[Assigned task]: Leave the pictures out. Retype exactly the lines below from the one containing "Превью фото № 209557" through the one containing "不管是並肩前行,還是陌路殊途,遇見了就是緣分,相處過就是福分", and no others.

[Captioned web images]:
[Start of section]

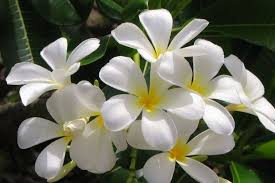 Maybe you would like to learn more about one of these? Keep A Jasmine Plant In Your Room It S Good For You Here S Why Manchester Evening News
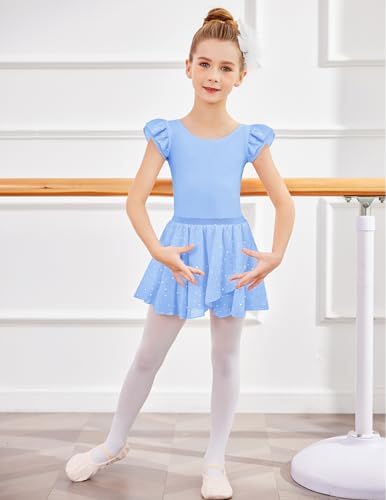 Zaclotre Girls Ballet Leotards Toddler Ruffle Sleeve Bow Back Dance Outfits Leotard With Removable Shinny Skirt Combo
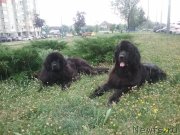 Превью фото № 209557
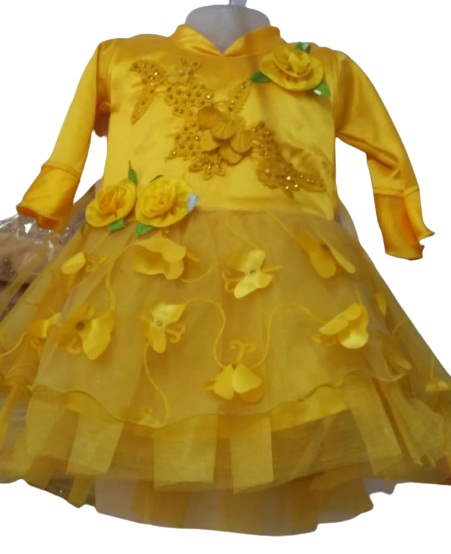 Fancy Net Frock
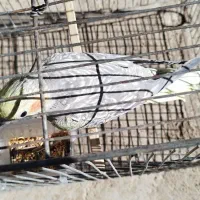 عروس هلندی|پرنده|ابهر, |دیوار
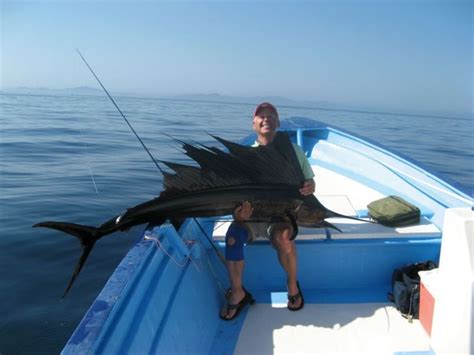 10 best Fishing Loreto, Baja Mexico images on Pinterest | Loreto, Fishing and Mexico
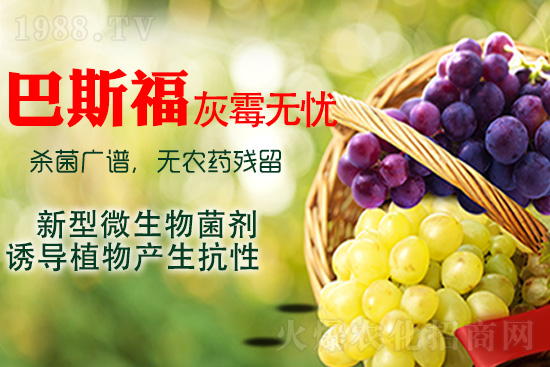 葡萄灰霉病該如何解決?灰霉病用藥建議!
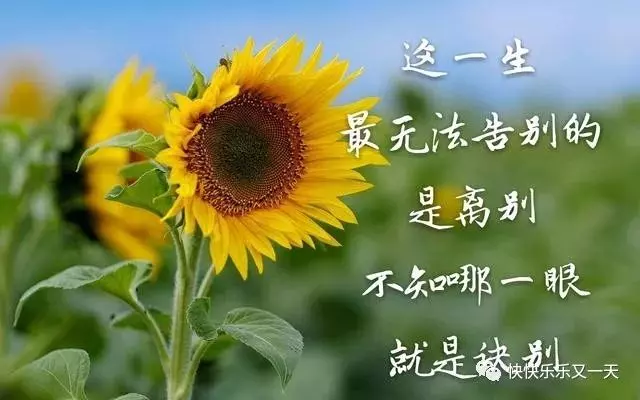 不管是並肩前行,還是陌路殊途,遇見了就是緣分,相處過就是福分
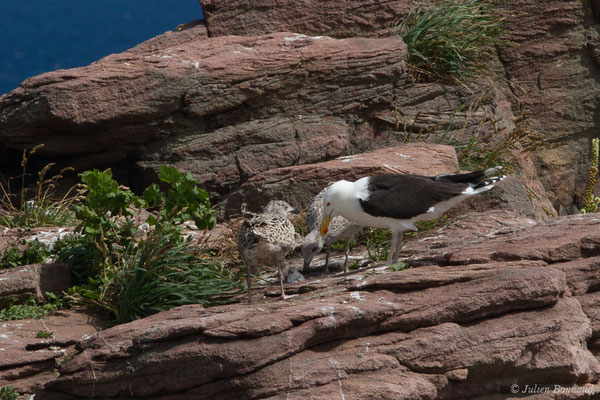 Goéland marin — Larus marinus Linnaeus, 1758, (Cap Fréhel, Plévenon (22), France, le 06/07/2021)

[End of section]

[Task output]:
 Превью фото № 209557
 Fancy Net Frock
 عروس هلندی|پرنده|ابهر, |دیوار
 10 best Fishing Loreto, Baja Mexico images on Pinterest | Loreto, Fishing and Mexico
 葡萄灰霉病該如何解決?灰霉病用藥建議!
 不管是並肩前行,還是陌路殊途,遇見了就是緣分,相處過就是福分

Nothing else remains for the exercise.